The title track preceded the album as its first and only commercial single, although "Bara för en dag" was also a top ten hit on the Swedish Airplay Chart. The record won Best Swedish Album at the 1987 Rockbjörnen awards, where Fredriksson won the award for Best Swedish Female. It also received a nomination at the 1988 Grammis Awards, the Swedish equivalent of the Grammy Awards. The album was remastered and reissued in 2003 with three bonus tracks.

==Background and recording==
Following the release of Fredriksson's previous album – Den sjunde vågen – in February 1986, she formed pop duo Roxette with Per Gessle, who released their first album – Pearls of Passion – later that same year. Both records were commercially successful in Sweden, with Fredriksson's album selling more than 90,000 copies, and Roxette's selling almost 200,000 copies. ... Efter stormen was recorded over two separate sessions at EMI Studios in May and September 1987. Recording was interrupted by Roxette's co-headlining concert tour with Eva Dahlgren and Ratata: "Rock runt riket" ("Rock Around the Kingdom"), which ran from July to August.

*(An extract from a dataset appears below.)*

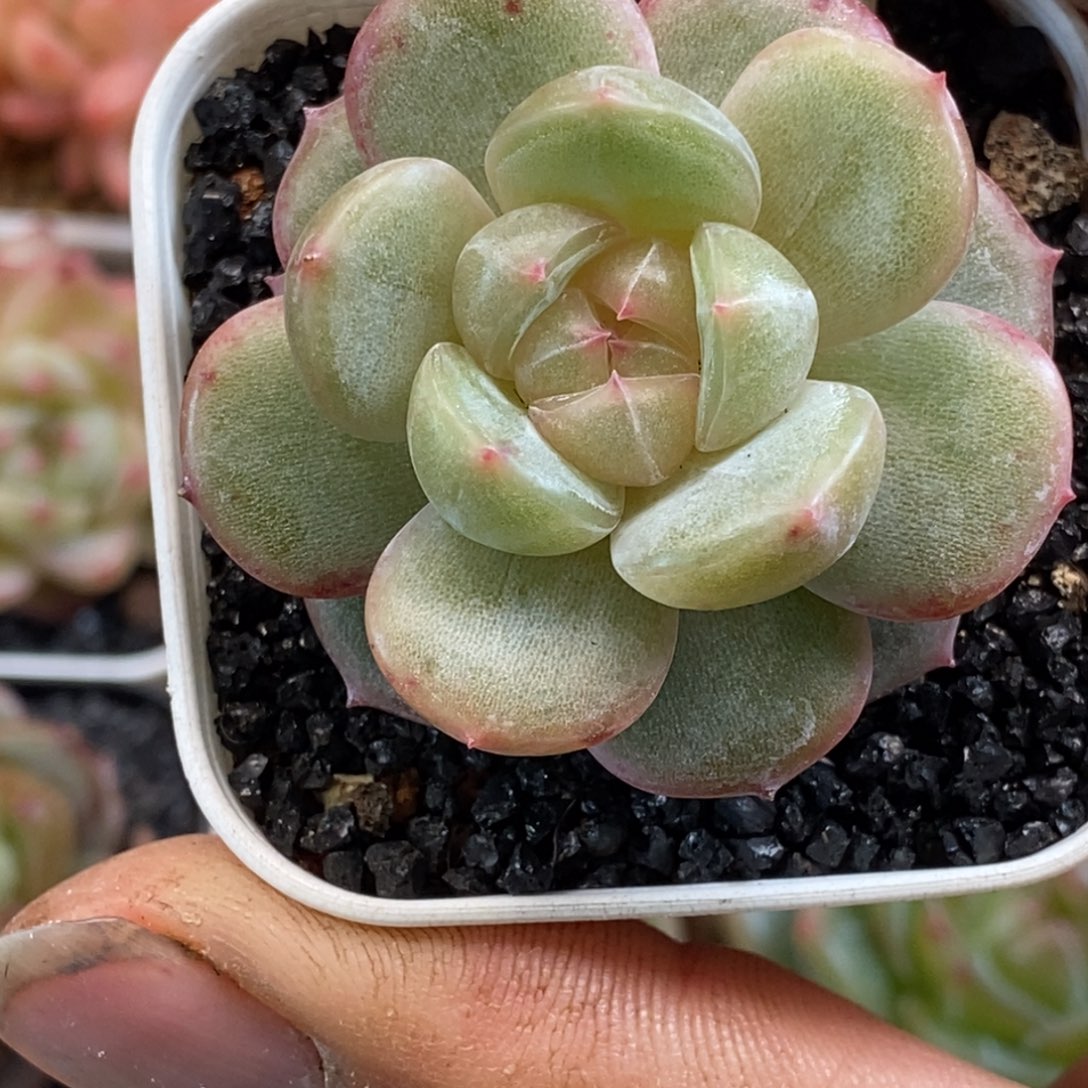 天官赐福百无禁忌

Gessle initially argued against Fredriksson returning to her solo work, saying that any solo album and resulting tour would negatively impact the duo's chances of achieving international success. Despite these objections, she returned to EMI Studios in September to finish recording ... Efter stormen, with Gessle using any excess studio time to record demos for Roxette's second album, Look Sharp!. ... Efter stormen was recorded with many of the same musicians who performed on Den sjunde vågen, although the record features sparser instrumentation than that release; songs are mainly rock and folk-based, and contain almost none of the synthesizer prevalent on her earlier work. The album's second track, "Om du såg mej nu" ("If You Saw Me Now"), was written by Fredriksson in dedication to her father, who died in 1981, prior to her achieving any form of commercial success as a recording artist.

==Release and reception==
The album was preceded by the release of its only commercial single, "Efter stormen". The song became her first top ten hit in her home country, peaking at number seven on the Swedish Singles Chart, and at number two on the Swedish-language-songs-only Airplay Chart. The album was a commercial success upon release on 12 October 1987, debuting at number three on the Swedish Albums Chart before peaking at number one for two consecutive weeks. It sold over 50,000 copies within a month of release, and was promoted with a concert tour of Sweden, which ran for 33 sold-out performances between October and December. By the end of 1987, the album was certified platinum by the Swedish Recording Industry Association, denoting shipments of over 100,000 units. The record won Best Swedish Album at the 1987 Rockbjörnen awards, where Fredriksson was also awarded Best Swedish Female. At the beginning of 1988, "Bara för en dag" became a top ten hit on the Swedish Airplay Chart, and Fredriksson was nominated in the Pop/Rock—Female category at the 1988 Grammis Awards, the Swedish equivalent of the Grammy Awards.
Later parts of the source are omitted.